- **INPUT FOR THIS TASK**

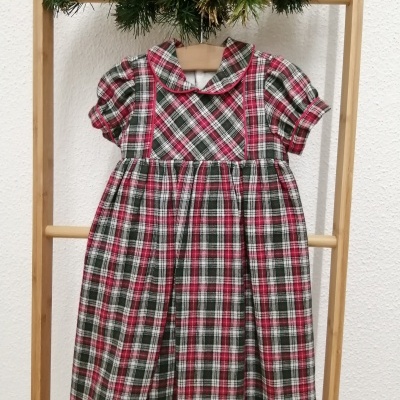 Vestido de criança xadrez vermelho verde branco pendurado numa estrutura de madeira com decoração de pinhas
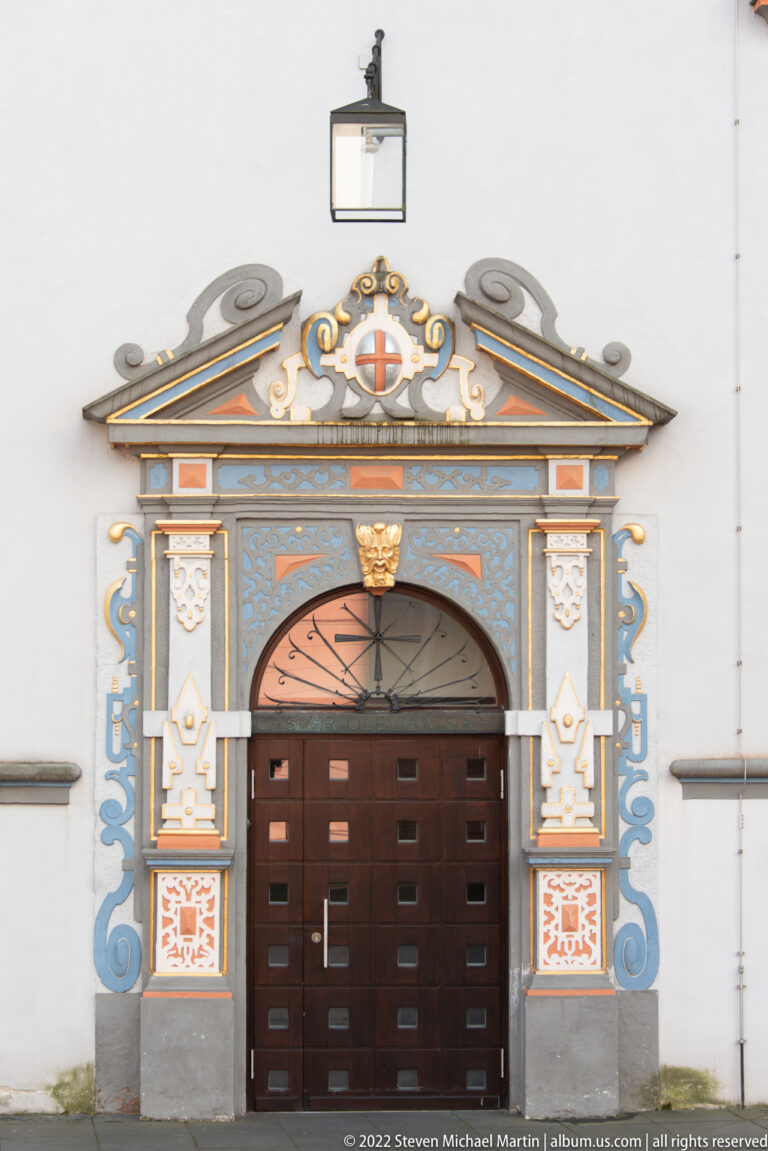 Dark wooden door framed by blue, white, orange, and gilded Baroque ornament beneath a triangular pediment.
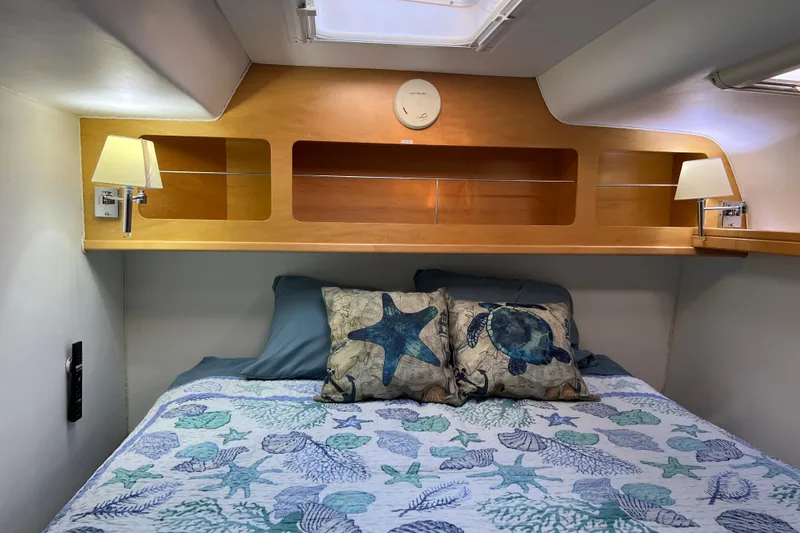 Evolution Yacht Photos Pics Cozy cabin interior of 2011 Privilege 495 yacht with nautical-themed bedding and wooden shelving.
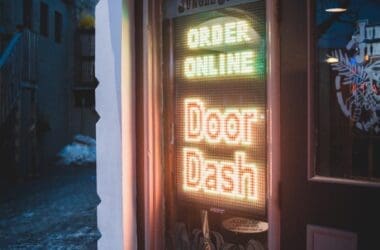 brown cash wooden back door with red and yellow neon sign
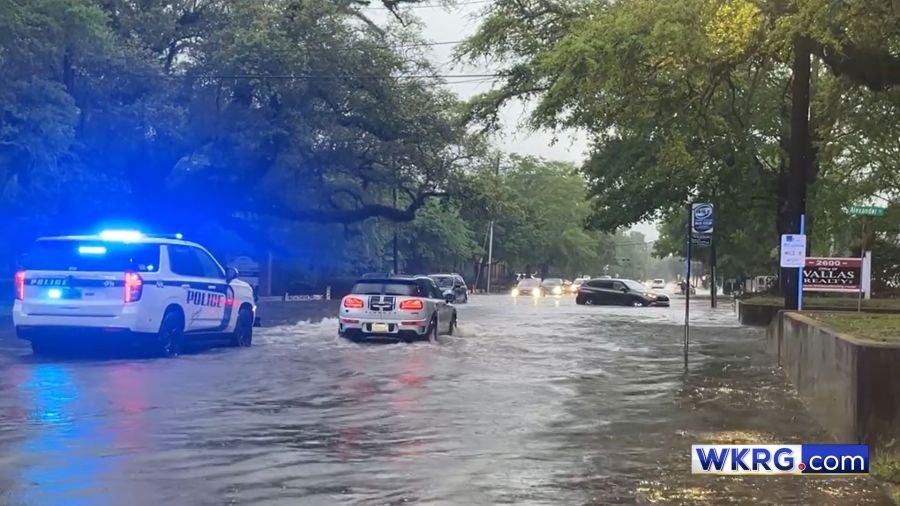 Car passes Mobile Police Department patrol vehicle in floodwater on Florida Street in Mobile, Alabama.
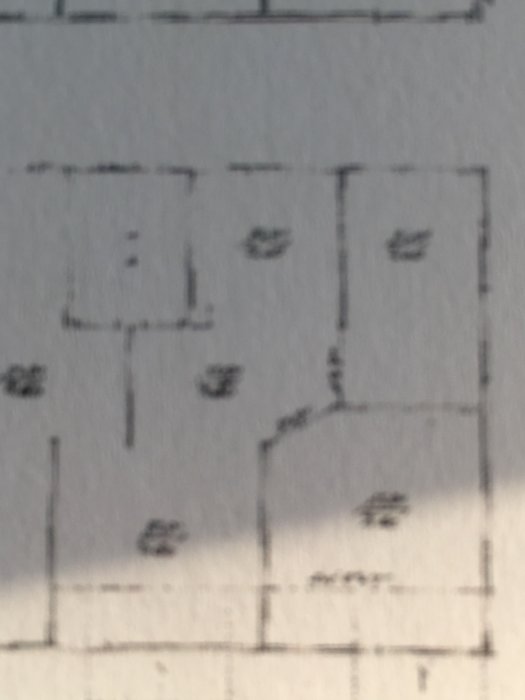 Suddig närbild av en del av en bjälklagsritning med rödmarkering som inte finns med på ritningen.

==

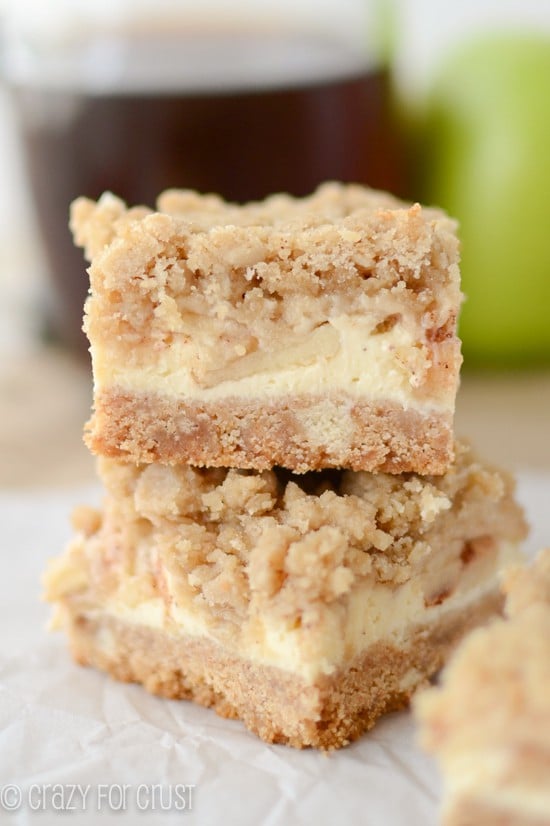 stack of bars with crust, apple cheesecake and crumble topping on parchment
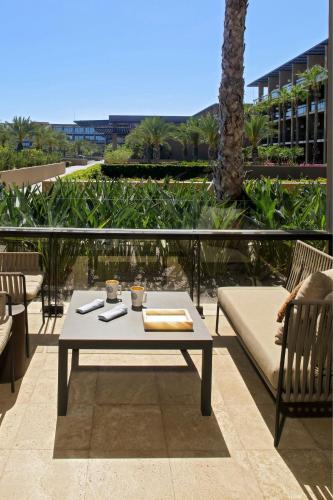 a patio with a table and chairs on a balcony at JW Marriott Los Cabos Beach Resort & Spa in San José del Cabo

* * *

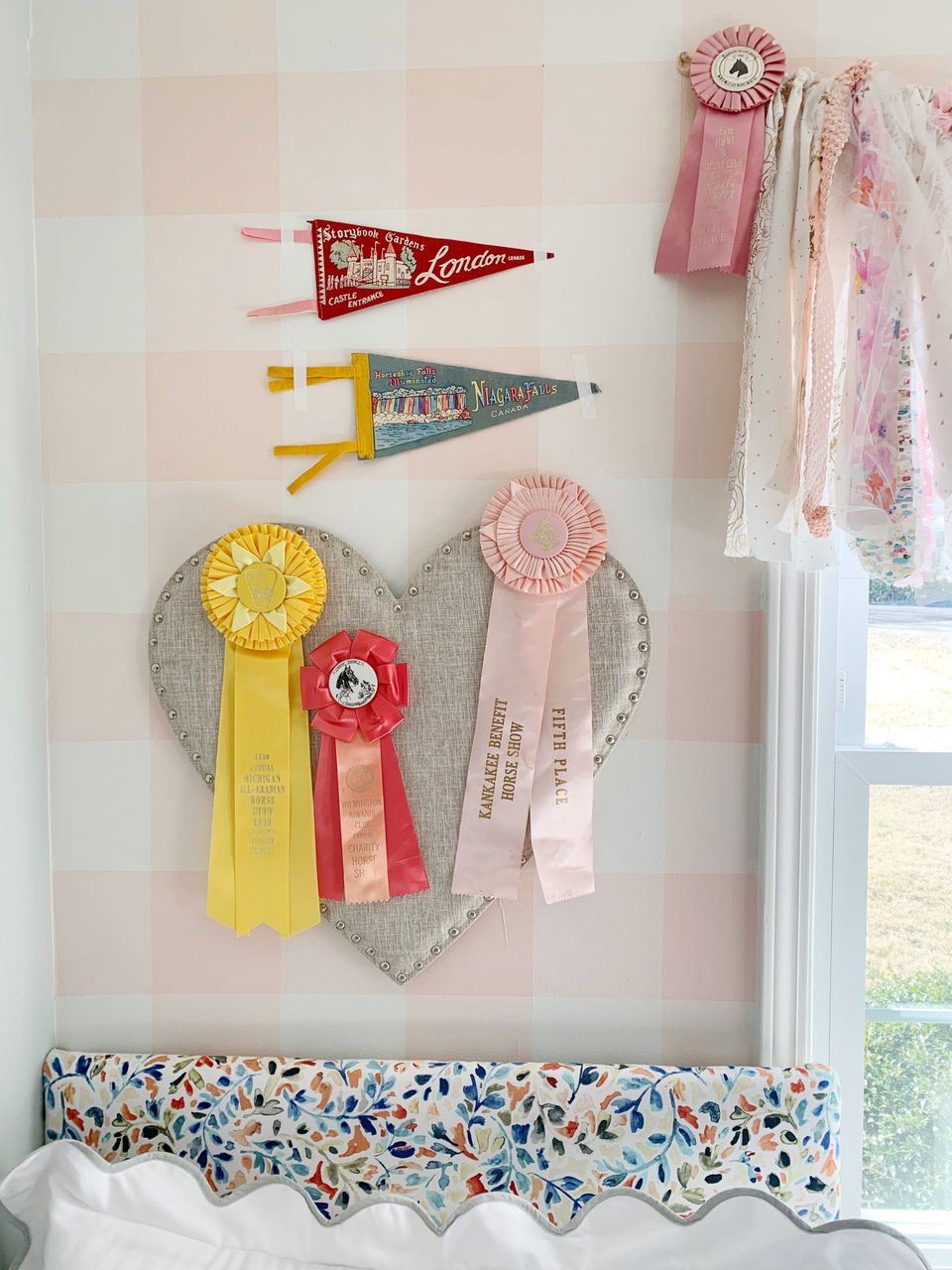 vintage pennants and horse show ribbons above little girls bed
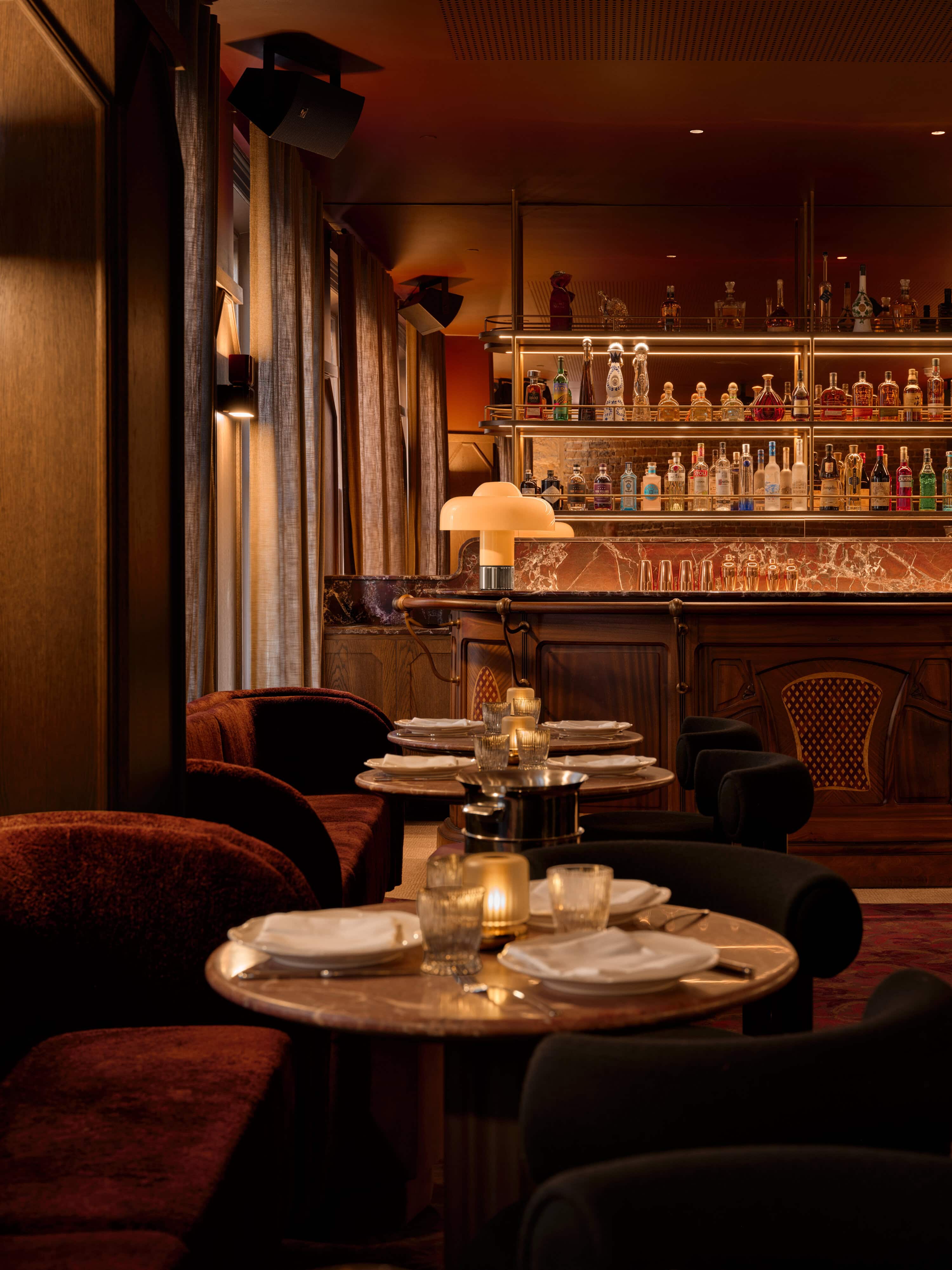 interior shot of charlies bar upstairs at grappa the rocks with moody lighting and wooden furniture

- **TASK REQUIREMENTS**
From the records above, extract the lines from the one holding "Vestido de criança" through the one holding "Suddig närbild av", word for word; omit the pictures.

- **ANSWER BOX**
 Vestido de criança xadrez vermelho verde branco pendurado numa estrutura de madeira com decoração de pinhas
 Dark wooden door framed by blue, white, orange, and gilded Baroque ornament beneath a triangular pediment.
 Evolution Yacht Photos Pics Cozy cabin interior of 2011 Privilege 495 yacht with nautical-themed bedding and wooden shelving.
 brown cash wooden back door with red and yellow neon sign
 Car passes Mobile Police Department patrol vehicle in floodwater on Florida Street in Mobile, Alabama.
 Suddig närbild av en del av en bjälklagsritning med rödmarkering som inte finns med på ritningen.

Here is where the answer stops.